- Collected material
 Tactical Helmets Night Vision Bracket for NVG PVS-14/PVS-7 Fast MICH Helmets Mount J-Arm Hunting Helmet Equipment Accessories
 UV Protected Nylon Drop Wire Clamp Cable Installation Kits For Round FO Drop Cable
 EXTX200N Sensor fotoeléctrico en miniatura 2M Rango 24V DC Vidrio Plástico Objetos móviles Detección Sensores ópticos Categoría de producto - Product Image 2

- What is required
Repeat the material above exactly, including every line.

- Answer for the task
 Tactical Helmets Night Vision Bracket for NVG PVS-14/PVS-7 Fast MICH Helmets Mount J-Arm Hunting Helmet Equipment Accessories
 UV Protected Nylon Drop Wire Clamp Cable Installation Kits For Round FO Drop Cable
 EXTX200N Sensor fotoeléctrico en miniatura 2M Rango 24V DC Vidrio Plástico Objetos móviles Detección Sensores ópticos Categoría de producto - Product Image 2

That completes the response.